Um número absurdo de narradores transita pela trama, oferecendo pontos de vista dos mais variados para a história. Como um filme de Wes Anderson, um monte de rostos familiares aparece em participações menores, todos de forma providencial para o desenvolvimento da trama e dos personagens centrais — incluindo Saoirse Ronan, Edward Norton, Adrien Brody, Lea Seydoux, Jeff Goldblum, Jude Law, Harvey Keitel, Jason Schartzman, Bill Murray, Owen Wilson.

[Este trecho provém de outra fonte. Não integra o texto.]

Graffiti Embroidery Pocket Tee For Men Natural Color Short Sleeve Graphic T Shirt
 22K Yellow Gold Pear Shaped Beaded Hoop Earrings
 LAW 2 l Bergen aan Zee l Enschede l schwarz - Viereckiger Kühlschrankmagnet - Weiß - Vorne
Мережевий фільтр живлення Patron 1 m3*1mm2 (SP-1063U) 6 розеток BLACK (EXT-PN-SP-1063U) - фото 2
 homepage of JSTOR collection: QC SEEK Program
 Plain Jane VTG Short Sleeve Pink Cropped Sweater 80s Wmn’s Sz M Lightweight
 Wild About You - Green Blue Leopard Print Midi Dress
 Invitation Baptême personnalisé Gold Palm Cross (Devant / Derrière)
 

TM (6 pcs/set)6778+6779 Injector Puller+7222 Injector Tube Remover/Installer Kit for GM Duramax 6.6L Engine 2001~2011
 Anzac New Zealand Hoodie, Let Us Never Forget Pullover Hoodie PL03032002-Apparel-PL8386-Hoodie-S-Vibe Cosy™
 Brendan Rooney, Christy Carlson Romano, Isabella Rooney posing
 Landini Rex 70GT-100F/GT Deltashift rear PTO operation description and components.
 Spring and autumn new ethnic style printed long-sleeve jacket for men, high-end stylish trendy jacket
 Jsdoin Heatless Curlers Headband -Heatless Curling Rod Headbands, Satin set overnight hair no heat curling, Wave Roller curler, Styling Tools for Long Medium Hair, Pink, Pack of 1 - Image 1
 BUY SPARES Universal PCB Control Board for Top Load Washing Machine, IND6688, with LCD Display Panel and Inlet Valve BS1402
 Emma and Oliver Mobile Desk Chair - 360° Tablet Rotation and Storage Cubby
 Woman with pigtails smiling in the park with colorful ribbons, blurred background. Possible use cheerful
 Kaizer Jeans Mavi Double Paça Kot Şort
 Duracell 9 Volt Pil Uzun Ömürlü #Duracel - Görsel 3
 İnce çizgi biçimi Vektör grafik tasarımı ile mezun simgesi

Ralph Fiennes é nada menos do que uma revelação em termos de comédia como Gustave. Ele tem uma presença tão irresistível, que facilmente entendemos por que todos se derretem por ele em cena. Com um timing cômico sensacional, sem dúvida ele é o responsável por metade do bom humor do filme. A outra metade é do estreante Tony Revolori, que se mostra uma surpresa agradável com seu olhar esbugalhado e sucinto em um desempenho cheio de ingenuidade e estupefação e vulnerabilidade. A química entre Fiennes e Revolori é cativante, e o que mantém o coração e a alma do grande hotel.

Em meio a várias correrias, prisões e ameaças, graças à habilidade de Fiennes, Gustave permanece adoravelmente imperturbável, um crente na arte da boa educação e da etiqueta, mesmo em condições desagradáveis. O personagem também parece ter uma inspiração específica. O filme de Anderson é dedicado à memória de Stefan Zweig, escritor e jornalista judeu-austríaco, que era um amigo de homens respeitados, como Richard Strauss e Sigmund Freud, transitava por vários círculos sociais e estava quase sempre fugindo de alguma coisa. Zweig terminou exilado no Brasil durante a Segunda Guerra Mundial, e se suicidou enquanto morava em Petrópolis, no Rio. O escritor não só serve de inspiração para o tom literário do O Grande Hotel Budapeste, como também para o personagem de Gustave H, um observador meticuloso de uma alta sociedade suspeita, que até o final manteve o esplendor de um mundo que não existia mais — “Para ser franco, acho que o mundo dele sumiu antes de ele nascer. Mas devo dizer que ele sustentou a ilusão com tremenda graça.”

O Grande Hotel Budapeste é, em última análise, uma história de assassinato e detetive, meio à moda antiga, que funciona como um romance policial de pistas e investigação e como uma história em meio a uma guerra que está por vir. A segunda metade do filme se transforma em um filme de ação, tão cheio de energia e abstrato que não se percebe diferença entre a linha que normalmente separa o suspense e a comédia. Há momentos de violência, brutal e grotesca, com mortes tratadas de forma leviana — incluindo a morte de um pobre gato azarado —, que esfriam o teor mais onírico e engraçado sem abalar o encantamento que o filme provoca. As mortes podem ser levianas. A história não é.

Ouça o podcast sobre o filme aqui.

Anderson explora um território literário e histórico e apenas nos convida, a cada cena, a olhar minuciosamente para este mundo inventado e intrincado, como se estivéssemos admirando uma pintura renascentista de valor inestimável, que na verdade não existe. Esse é um mundo que nunca existiu na vida real, mas que ganha vida e emoção e humor negro graças ao toque estilístico de Anderson, que trata suas imagens e seus personagens com o carinho de um pintor idealizando a obra-prima de sua vida melancólica e colorida.